Records to process>
=== Section Start ===

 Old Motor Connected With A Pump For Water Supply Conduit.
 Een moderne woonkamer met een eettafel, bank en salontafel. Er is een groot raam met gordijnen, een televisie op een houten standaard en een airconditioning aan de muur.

=== Section End ===
=== Section Start ===

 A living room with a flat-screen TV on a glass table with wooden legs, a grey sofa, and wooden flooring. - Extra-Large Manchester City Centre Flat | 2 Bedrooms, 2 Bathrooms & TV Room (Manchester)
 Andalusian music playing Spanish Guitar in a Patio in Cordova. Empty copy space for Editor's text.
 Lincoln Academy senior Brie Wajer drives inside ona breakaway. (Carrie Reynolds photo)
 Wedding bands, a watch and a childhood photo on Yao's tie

=== Section End ===
=== Section Start ===

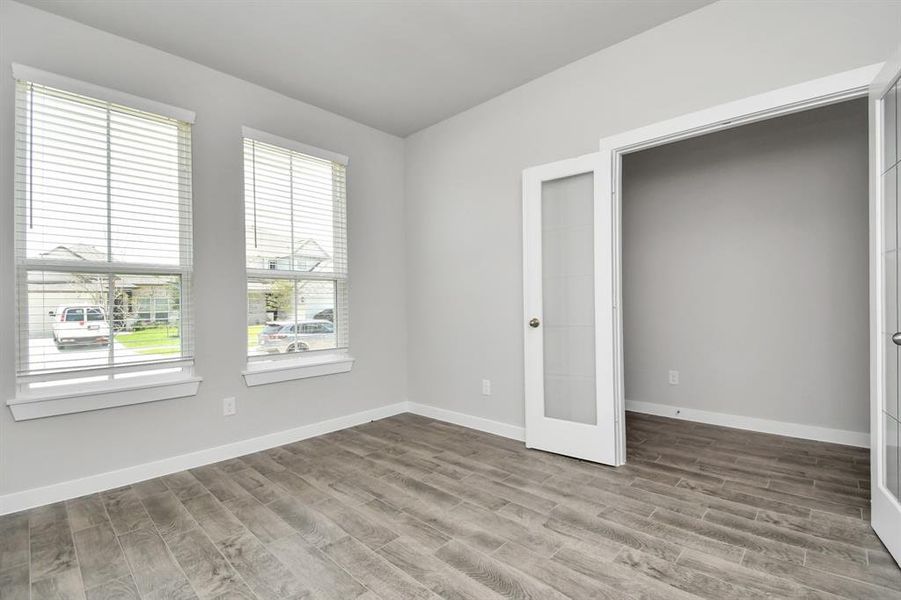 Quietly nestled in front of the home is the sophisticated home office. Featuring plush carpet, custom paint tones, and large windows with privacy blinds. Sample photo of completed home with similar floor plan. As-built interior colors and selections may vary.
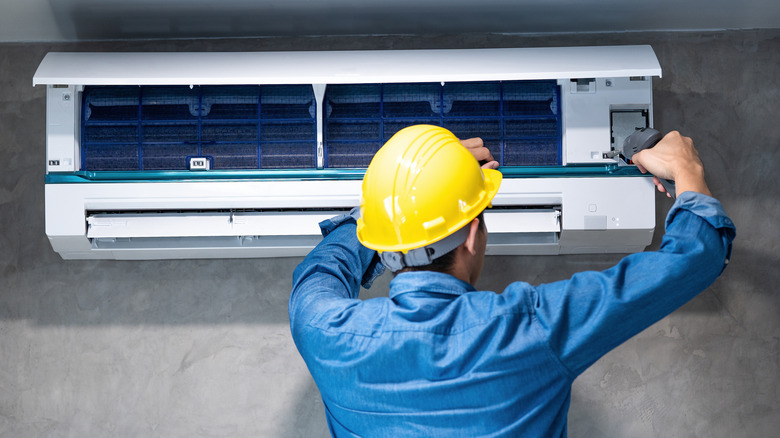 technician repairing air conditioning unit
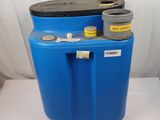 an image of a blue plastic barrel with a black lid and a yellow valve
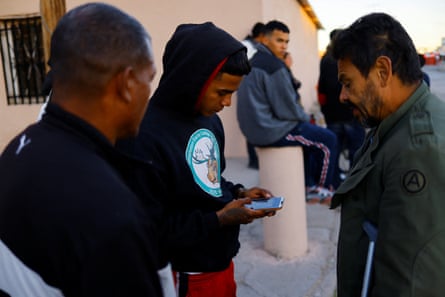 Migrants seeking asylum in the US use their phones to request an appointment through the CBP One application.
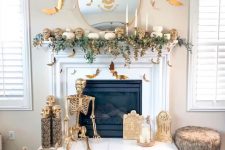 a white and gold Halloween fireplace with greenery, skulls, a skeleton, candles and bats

=== Section End ===

Word for word, restate the lines of the data above that fall between the line holding "Old Motor Connected" and the line holding "Een moderne woonkamer", inclusive, and no other lines.

Your solution>
 Old Motor Connected With A Pump For Water Supply Conduit.
 Een moderne woonkamer met een eettafel, bank en salontafel. Er is een groot raam met gordijnen, een televisie op een houten standaard en een airconditioning aan de muur.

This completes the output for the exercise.